The reply should be an exact transcription of every record.

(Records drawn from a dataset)
- Opening Delimiter -

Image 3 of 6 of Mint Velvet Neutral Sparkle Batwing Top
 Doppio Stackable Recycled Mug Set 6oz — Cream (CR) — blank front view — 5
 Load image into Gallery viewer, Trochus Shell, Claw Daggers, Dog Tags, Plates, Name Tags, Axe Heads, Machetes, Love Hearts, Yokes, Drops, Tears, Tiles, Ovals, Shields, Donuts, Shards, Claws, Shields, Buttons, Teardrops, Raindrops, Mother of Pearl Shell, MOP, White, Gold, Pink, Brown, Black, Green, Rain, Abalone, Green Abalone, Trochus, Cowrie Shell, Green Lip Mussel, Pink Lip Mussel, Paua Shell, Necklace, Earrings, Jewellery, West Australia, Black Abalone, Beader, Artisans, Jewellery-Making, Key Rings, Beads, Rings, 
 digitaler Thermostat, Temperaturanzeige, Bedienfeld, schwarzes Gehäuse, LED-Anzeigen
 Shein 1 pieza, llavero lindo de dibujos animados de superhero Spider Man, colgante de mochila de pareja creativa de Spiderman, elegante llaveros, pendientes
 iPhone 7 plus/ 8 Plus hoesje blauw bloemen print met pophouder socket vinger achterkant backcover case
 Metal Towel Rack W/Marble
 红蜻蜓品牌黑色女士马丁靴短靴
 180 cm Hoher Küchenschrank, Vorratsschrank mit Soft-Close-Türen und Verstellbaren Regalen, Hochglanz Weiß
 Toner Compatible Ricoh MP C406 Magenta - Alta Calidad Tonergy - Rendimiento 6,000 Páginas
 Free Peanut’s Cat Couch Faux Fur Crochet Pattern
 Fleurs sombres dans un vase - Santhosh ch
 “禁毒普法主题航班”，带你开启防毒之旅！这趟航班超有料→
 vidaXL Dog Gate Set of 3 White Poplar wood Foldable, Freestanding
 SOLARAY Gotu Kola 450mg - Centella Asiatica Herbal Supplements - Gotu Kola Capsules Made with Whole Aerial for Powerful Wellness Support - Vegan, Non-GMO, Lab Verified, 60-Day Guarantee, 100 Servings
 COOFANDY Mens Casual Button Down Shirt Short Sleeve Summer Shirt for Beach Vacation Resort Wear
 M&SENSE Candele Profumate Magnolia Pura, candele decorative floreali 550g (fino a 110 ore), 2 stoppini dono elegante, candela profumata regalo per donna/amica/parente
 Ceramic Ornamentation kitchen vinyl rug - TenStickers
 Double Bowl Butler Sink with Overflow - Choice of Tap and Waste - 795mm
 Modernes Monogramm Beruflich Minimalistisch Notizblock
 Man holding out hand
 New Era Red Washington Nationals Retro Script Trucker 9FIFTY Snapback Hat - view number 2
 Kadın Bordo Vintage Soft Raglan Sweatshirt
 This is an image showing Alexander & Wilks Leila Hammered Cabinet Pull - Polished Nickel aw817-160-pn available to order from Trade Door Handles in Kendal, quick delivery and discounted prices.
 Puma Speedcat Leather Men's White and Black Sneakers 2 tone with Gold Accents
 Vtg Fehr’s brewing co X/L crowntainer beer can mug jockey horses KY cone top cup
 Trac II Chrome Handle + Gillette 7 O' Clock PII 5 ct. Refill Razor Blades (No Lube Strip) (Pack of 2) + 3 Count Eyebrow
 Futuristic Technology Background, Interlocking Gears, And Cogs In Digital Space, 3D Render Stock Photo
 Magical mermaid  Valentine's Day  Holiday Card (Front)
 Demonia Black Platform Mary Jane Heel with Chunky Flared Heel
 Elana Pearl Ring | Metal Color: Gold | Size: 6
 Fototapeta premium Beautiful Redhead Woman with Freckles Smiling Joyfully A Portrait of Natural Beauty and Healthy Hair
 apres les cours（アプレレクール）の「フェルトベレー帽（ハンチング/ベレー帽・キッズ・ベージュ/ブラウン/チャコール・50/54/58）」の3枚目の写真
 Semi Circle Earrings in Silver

- Closing Delimiter -

# EXPECTED ANSWER
Image 3 of 6 of Mint Velvet Neutral Sparkle Batwing Top
 Doppio Stackable Recycled Mug Set 6oz — Cream (CR) — blank front view — 5
 Load image into Gallery viewer, Trochus Shell, Claw Daggers, Dog Tags, Plates, Name Tags, Axe Heads, Machetes, Love Hearts, Yokes, Drops, Tears, Tiles, Ovals, Shields, Donuts, Shards, Claws, Shields, Buttons, Teardrops, Raindrops, Mother of Pearl Shell, MOP, White, Gold, Pink, Brown, Black, Green, Rain, Abalone, Green Abalone, Trochus, Cowrie Shell, Green Lip Mussel, Pink Lip Mussel, Paua Shell, Necklace, Earrings, Jewellery, West Australia, Black Abalone, Beader, Artisans, Jewellery-Making, Key Rings, Beads, Rings, 
 digitaler Thermostat, Temperaturanzeige, Bedienfeld, schwarzes Gehäuse, LED-Anzeigen
 Shein 1 pieza, llavero lindo de dibujos animados de superhero Spider Man, colgante de mochila de pareja creativa de Spiderman, elegante llaveros, pendientes
 iPhone 7 plus/ 8 Plus hoesje blauw bloemen print met pophouder socket vinger achterkant backcover case
 Metal Towel Rack W/Marble
 红蜻蜓品牌黑色女士马丁靴短靴
 180 cm Hoher Küchenschrank, Vorratsschrank mit Soft-Close-Türen und Verstellbaren Regalen, Hochglanz Weiß
 Toner Compatible Ricoh MP C406 Magenta - Alta Calidad Tonergy - Rendimiento 6,000 Páginas
 Free Peanut’s Cat Couch Faux Fur Crochet Pattern
 Fleurs sombres dans un vase - Santhosh ch
 “禁毒普法主题航班”，带你开启防毒之旅！这趟航班超有料→
 vidaXL Dog Gate Set of 3 White Poplar wood Foldable, Freestanding
 SOLARAY Gotu Kola 450mg - Centella Asiatica Herbal Supplements - Gotu Kola Capsules Made with Whole Aerial for Powerful Wellness Support - Vegan, Non-GMO, Lab Verified, 60-Day Guarantee, 100 Servings
 COOFANDY Mens Casual Button Down Shirt Short Sleeve Summer Shirt for Beach Vacation Resort Wear
 M&SENSE Candele Profumate Magnolia Pura, candele decorative floreali 550g (fino a 110 ore), 2 stoppini dono elegante, candela profumata regalo per donna/amica/parente
 Ceramic Ornamentation kitchen vinyl rug - TenStickers
 Double Bowl Butler Sink with Overflow - Choice of Tap and Waste - 795mm
 Modernes Monogramm Beruflich Minimalistisch Notizblock
 Man holding out hand
 New Era Red Washington Nationals Retro Script Trucker 9FIFTY Snapback Hat - view number 2
 Kadın Bordo Vintage Soft Raglan Sweatshirt
 This is an image showing Alexander & Wilks Leila Hammered Cabinet Pull - Polished Nickel aw817-160-pn available to order from Trade Door Handles in Kendal, quick delivery and discounted prices.
 Puma Speedcat Leather Men's White and Black Sneakers 2 tone with Gold Accents
 Vtg Fehr’s brewing co X/L crowntainer beer can mug jockey horses KY cone top cup
 Trac II Chrome Handle + Gillette 7 O' Clock PII 5 ct. Refill Razor Blades (No Lube Strip) (Pack of 2) + 3 Count Eyebrow
 Futuristic Technology Background, Interlocking Gears, And Cogs In Digital Space, 3D Render Stock Photo
 Magical mermaid  Valentine's Day  Holiday Card (Front)
 Demonia Black Platform Mary Jane Heel with Chunky Flared Heel
 Elana Pearl Ring | Metal Color: Gold | Size: 6
 Fototapeta premium Beautiful Redhead Woman with Freckles Smiling Joyfully A Portrait of Natural Beauty and Healthy Hair
 apres les cours（アプレレクール）の「フェルトベレー帽（ハンチング/ベレー帽・キッズ・ベージュ/ブラウン/チャコール・50/54/58）」の3枚目の写真
 Semi Circle Earrings in Silver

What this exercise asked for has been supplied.